Work with the brightest minds at one of the largest financial institutions in the world. This is long-term contract opportunity that includes a competitive benefit package!
Our client has been around for over 150 years and is continuously innovating in today's digital age. If you want to work for a company that is not only a household name, but also truly cares about satisfying customers' financial needs and helping people succeed financially, apply today.
Position: Big Data Engineer
Location: PHILADELPHIA, Pennsylvania, 19130
Term: 12 months
Day-to-Day Responsibilities:
- Lead complex initiatives on selected domains.
- Ensure systems are monitored to increase operational efficiency and managed to mitigate risk.
- Define opportunities to maximize resource utilization and improve processes while reducing cost.
- Lead, design, develop, test and implement applications and system components, tools and utilities, models, simulation, and analytics to manage complex business functions using sophisticated technologies.
- Resolve coding, testing and escalated platform issues of a technically challenging nature.
- Lead team to ensure compliance and risk management requirements for supported area are met and work with other stakeholders to implement key risk initiatives.
- Mentor less experienced software engineers.

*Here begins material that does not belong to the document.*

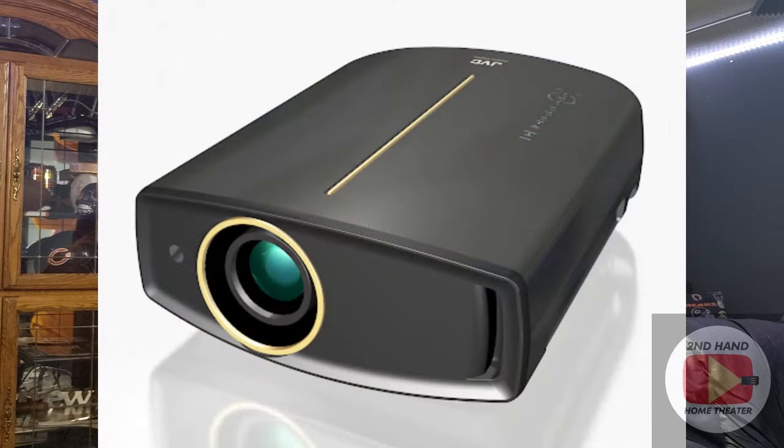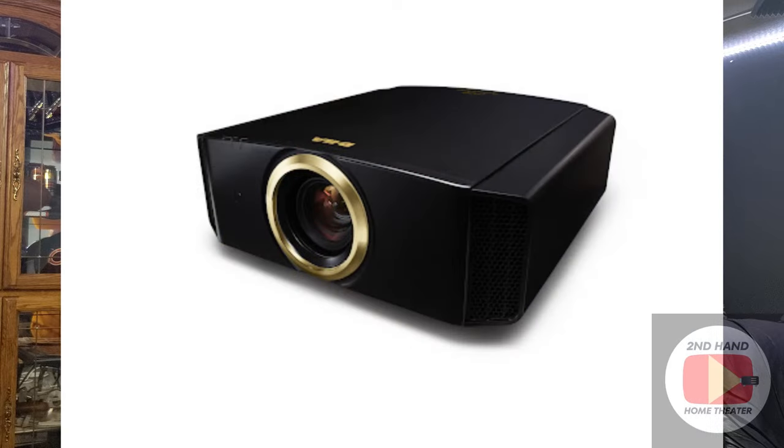On Facebook Marketplace I found a JVC RS15 — the next generation up from the RS10 — for just $100, less than what I paid for the RS10. It was even better than the first one. I used that for another year or year and a half until its lamp started acting up. Weighing the lamp cost against upgrading, I sold it and bought a JVC RS46 off eBay, putting in a replacement lamp.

- Collaborate and influence all levels of professionals including managers.
- Lead team to achieve objectives. Partner with production support and platform engineering teams effectively.
Is this a good fit? (Requirements):
- 7+ years of Big Data Platform (data lake) and data warehouse engineering experience demonstrated through prior work experiences. Preferably with Hadoop stack: HDFS, Hive, SQL, Spark, Spark Streaming, Spark SQL, HBase, Kafka, Sqoop, Atlas, Flink, Kafka, Cloudera Manager, Airflow, Impala, Hive, HBase, Tez, Hue, and a variety of source data connectors.
- 3+ years of hands-on experience building modern, resilient, and secure data pipelines, including movement, collection, integration, transformation of structured/unstructured data with built-in automated data controls, and built-in logging/monitoring/alerting, and pipeline orchestration managed to operational SLAs. Preferably using Airflow, DAGS, connector plugins.
- 1+ years of experience with Google cloud data services such as cloud storage, cloud proc, cloud flow, and Big Query.
- 5+ years of strong Python and other functional programming skills.
- 5+ years of Specialty Software Engineering experience, or equivalent demonstrated through one or a combination of the following: work experience, training, military experience, education.
Desired Qualifications:
- Hands-on experience developing and managing technical and business metadata
- Experience creating/managing Time-Series data from full data snapshots or incremental data changes
- Hands-on experience with implementing fine-grained access controls such as Attribute Based Access Controls using Apache Ranger
- Experience automating DQ validation in the data pipelines
- Experience implementing automated data change management including code and schema, versioning, QA, CI/CD, rollback processing
- Experience with automating end to end data lifecycle on the big data ecosystem
- Experience with managing automated schema evolution within data pipelines
- Experience implementing masking and/or other forms of obfuscating data
- Experience designing and building microservices, APIs and, MySQL
- Advanced understanding of SQL and NoSQL DB schemas
- Advanced understanding of Partitioned Parquet, ORC, Avro, various compression formats
- Developing containerized Microservices and APIs
- Familiarity with key concepts implemented by Apache Hudi or Iceberg, or Databricks Delta Lake (bonus)